= S. K. Gupta =

Indian-American business executive

Sudhir k (better known as S. K. Gupta) is an Indian-American business executive.

==Education==
In 1972 Gupta graduated from the DMET, Kolkata in India, now known as the Indian Maritime University. In 1981 he then graduated with a BSE degree in naval architecture and marine engineering from the University of Michigan. After this he graduated from an MBA at Seattle University.

==Career==
===Business career===
Out of the University of Michigan Gupta started working for Designers and Planners Inc, before moving to Lockheed Martin in January 1982. He became manager of technical programs at Lockheed Shipbuilding Company by 1986. He has held technical and management assignments in engineering, business operations, business development, operations and program management on commercial, military and classified programs, including as the test director of the stealth ship Sea Shadow from 1988 to 1995. Prior to coming to the US, he served as chief engineer on merchant ships. Sudhir K. Gupta was the Vice President of Operations for Lockheed Martin Space Systems Company (SSC) from 2001 until 2011.

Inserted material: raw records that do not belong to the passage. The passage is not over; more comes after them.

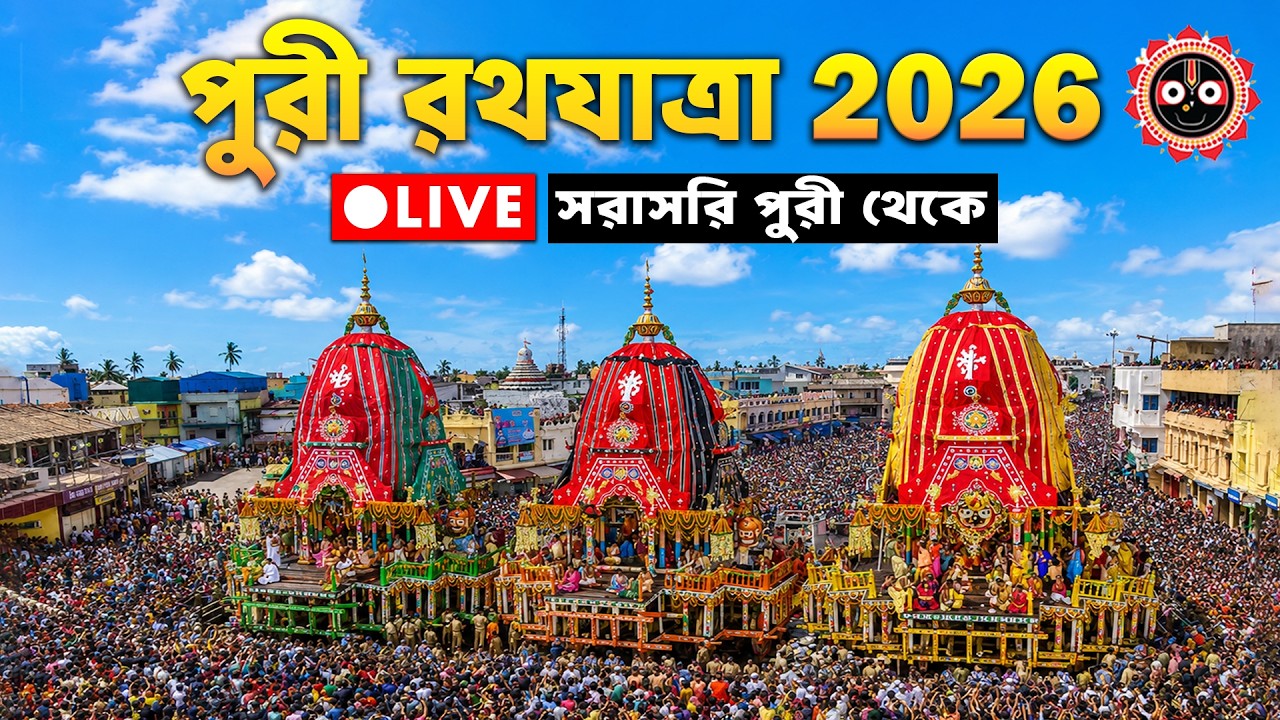 🔴Puri Rath Yatra 2026 LIVE | Puri Rath 2026 | Puri Jagannath Rath Yatra 2026 | Rath Yatra 2026
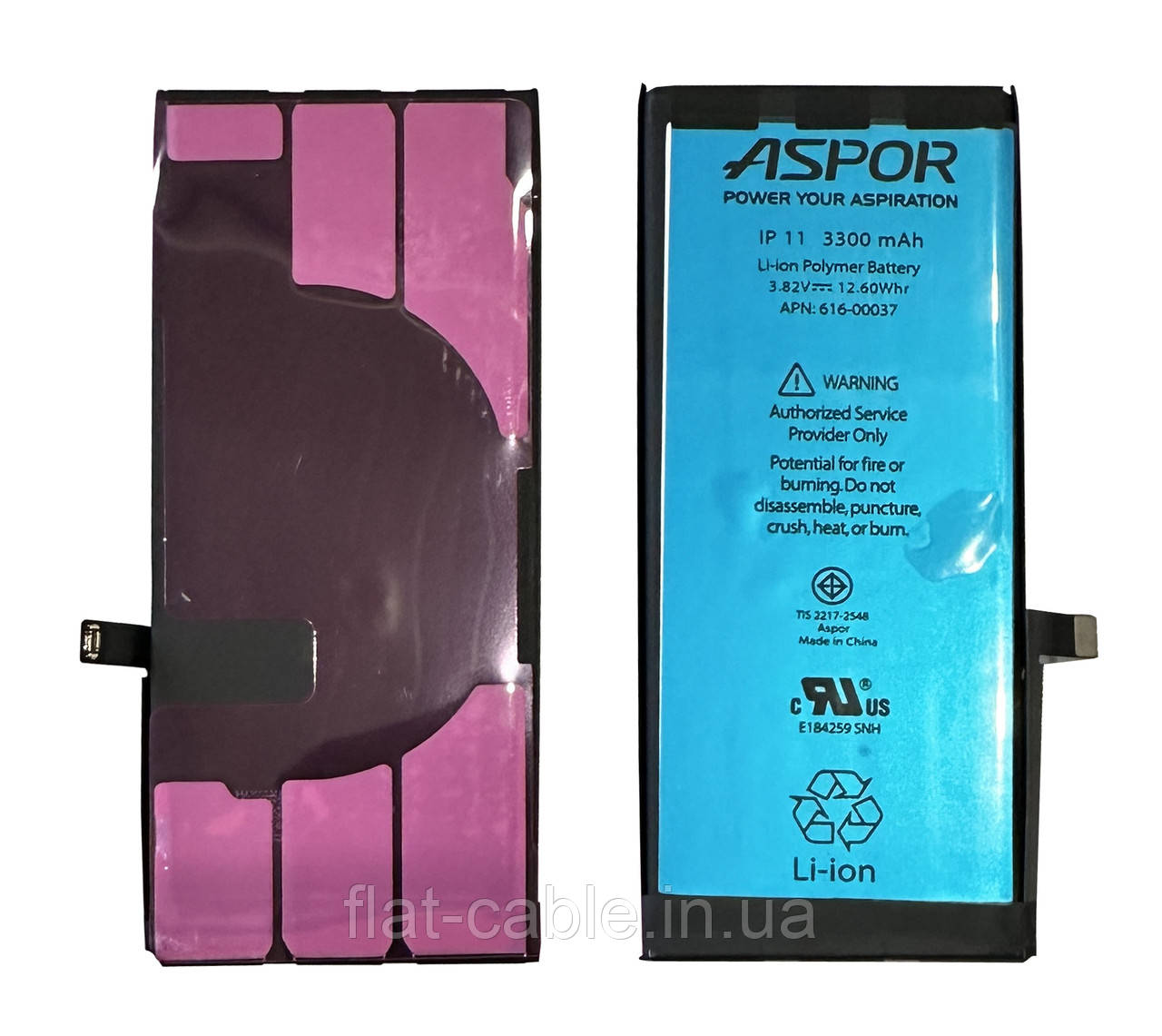 Батарея (акумулятор) для iPhone 11 3110 mAh 100% ємності Aspor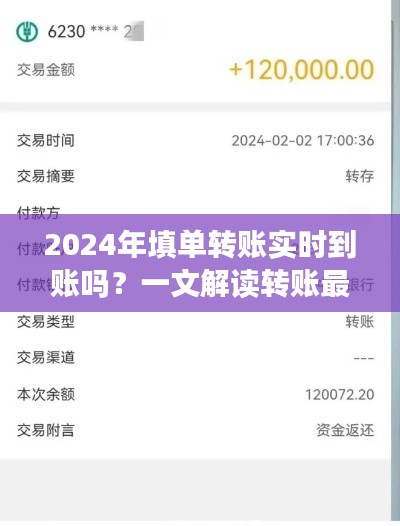 關(guān)于轉(zhuǎn)賬最新動態(tài)，2024年填單轉(zhuǎn)賬能否實(shí)時到賬？一文解讀。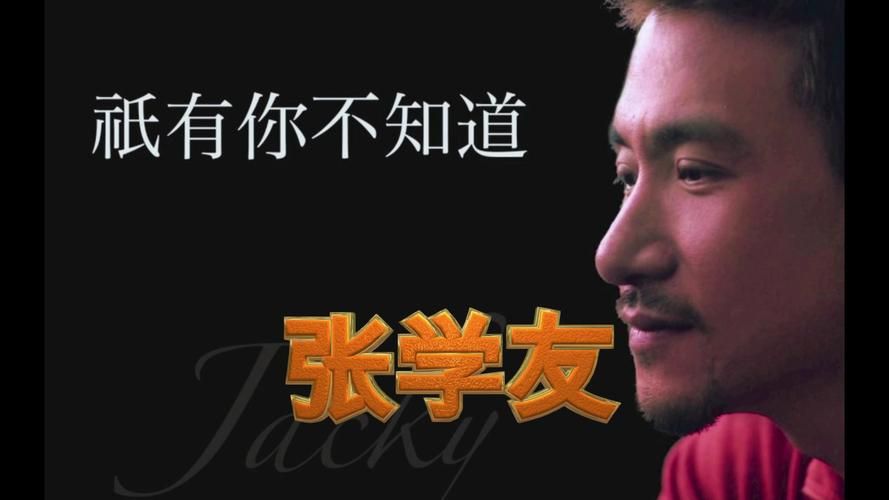 张学友的哥原来是他你不知道的兄弟故事
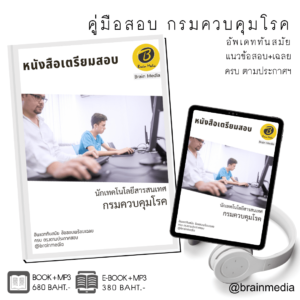 หนังสือเตรียมสอบนักเทคโนโลยีสารสนเทศ (กรมควบคุมโรค)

Gupta has been a member of the Board of Directors of Sandia National Laboratories. He was also on the Board of Directors for Lean Advancement Initiative consortium and a member of the Industry Advisory Board of Tauber Institute for Global Operations, University of Michigan, he also served Lockheed Martin’s Co-University Executive for University of Michigan. Gupta serves on the Senior Advisory Board of LMC Properties, Inc and was member of San Jose Museum of Arts’ Board of Trustees as well as a member of the Board of Directors of LEAP (Leadership Education for Asian Pacifics).

===Public life===
Gupta has previously served as a Bay Area Council Executive Committee member, and hosted both Executive Committee and Board of Directors meetings. On January 31, 2011, a member's resolution forwarded by California Assemblymen Bob Wieckowski and Paul Fong of the California State Assembly was passed on the Assembly floor upon the occasion of Gupta's retirement from the Lockheed Martin Space Systems Company. In it, they stated that Gupta had been a Bay Area Council Executive Committee member, on the board for the US Department of Energy's Sandia National Laboratories, and on the board of the San Jose Museum of Art.

Gupta was the Managing Director and Co-Founder of Ascend Pinnacle, the Asian American Corporate Directors Network, retiring in 2018 with over 200 experienced board directors as members. He served on the Board of Directors of APIA Scholars from 2014 to 2020.

==Recognition==
In 1984 Gupta received the Lockheed Corporation’s Robert E. Gross Award as Engineer/Scientist of the Year for his stability studies on LSD-41 class ships. In February 2004, Gupta was honored by the Chinese Institute of Engineers USA, and received the Asian American Engineer of the Year Award. In 2010, he received the Ellis Island Medal of Honor. He is also the recipient of a Popular Mechanics design and engineering award and the Department of Defense Single Process Initiative Award.